'''
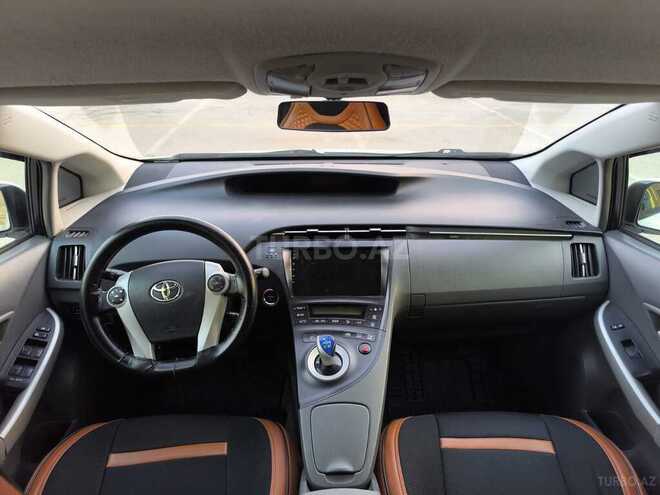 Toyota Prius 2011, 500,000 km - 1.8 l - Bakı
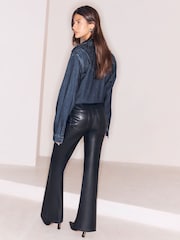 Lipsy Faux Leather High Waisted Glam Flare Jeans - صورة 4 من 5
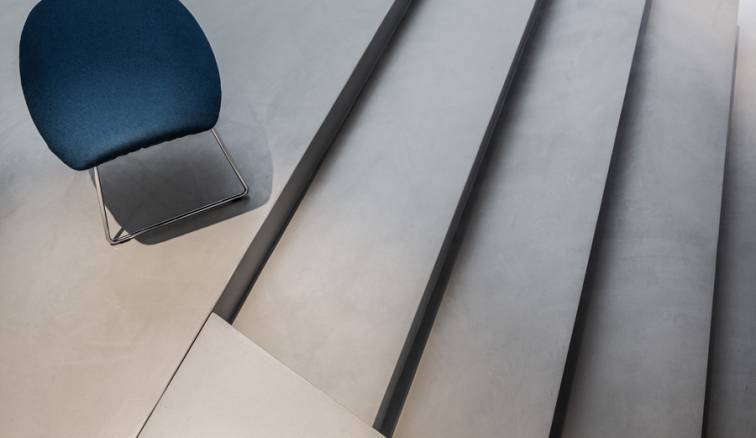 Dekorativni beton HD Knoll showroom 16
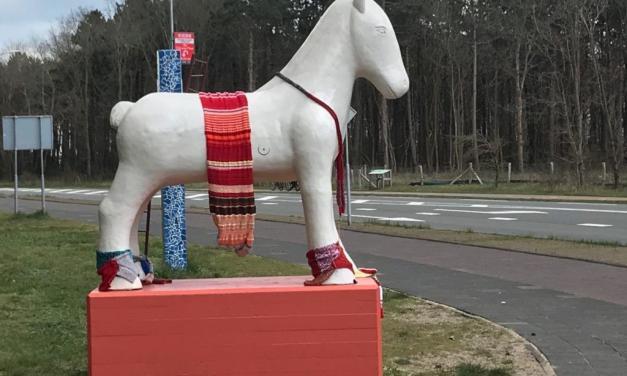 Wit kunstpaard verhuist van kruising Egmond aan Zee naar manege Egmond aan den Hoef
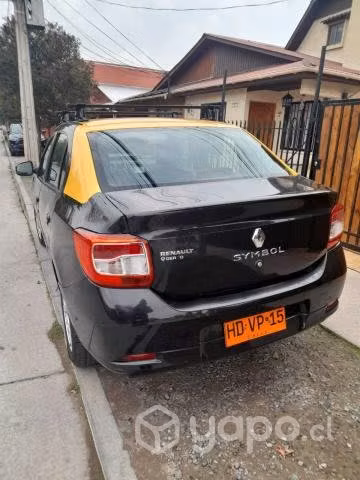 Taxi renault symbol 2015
'''
'''
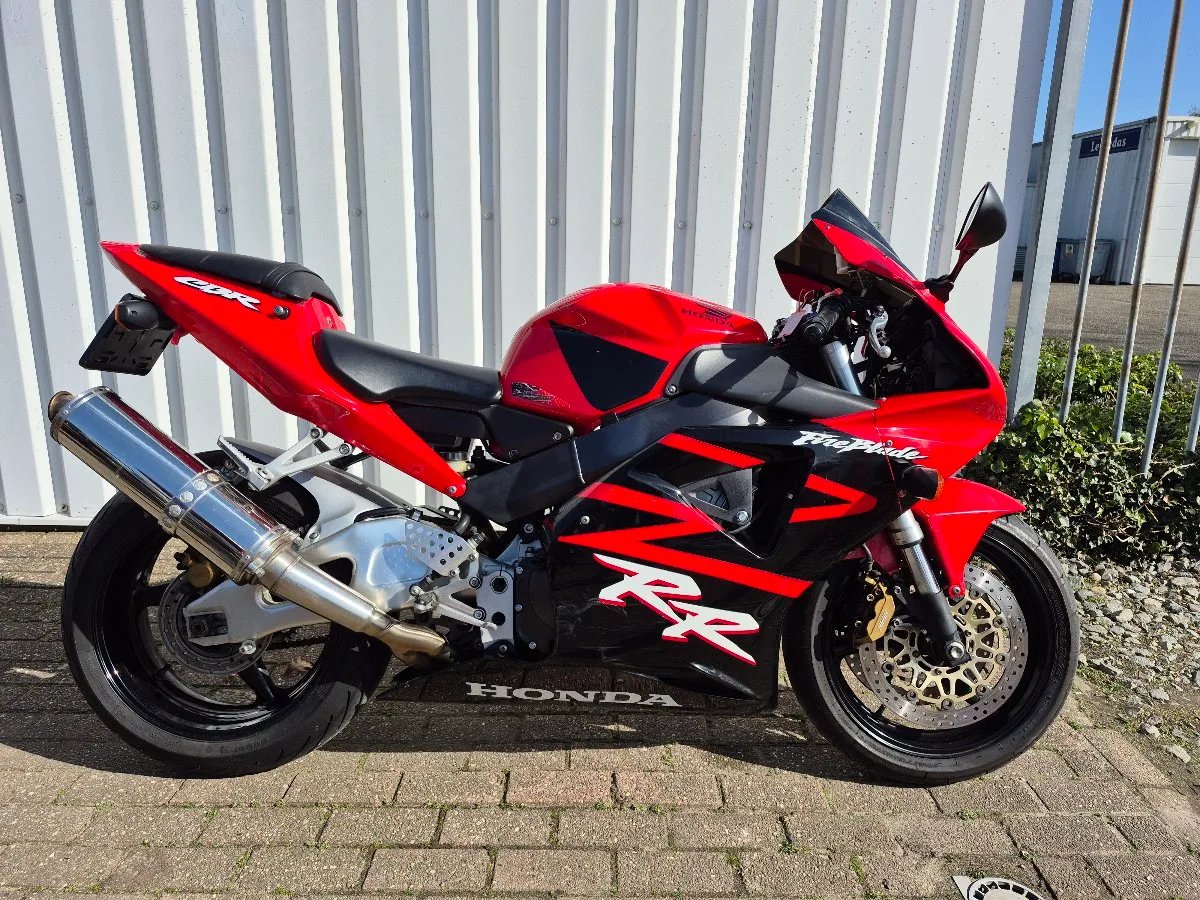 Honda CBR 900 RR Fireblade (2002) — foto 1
'''
## [ACTIVITY]
Output exactly the lines of the listing above that start with the one holding "Toyota Prius 2011, 500,000 km - 1.8 l - Bakı" and go on through the one holding "Taxi renault symbol 2015"; leave the pictures out.

## [ANSWER TO THIS TASK]
 Toyota Prius 2011, 500,000 km - 1.8 l - Bakı
 Lipsy Faux Leather High Waisted Glam Flare Jeans - صورة 4 من 5
 Dekorativni beton HD Knoll showroom 16
 Wit kunstpaard verhuist van kruising Egmond aan Zee naar manege Egmond aan den Hoef
 Taxi renault symbol 2015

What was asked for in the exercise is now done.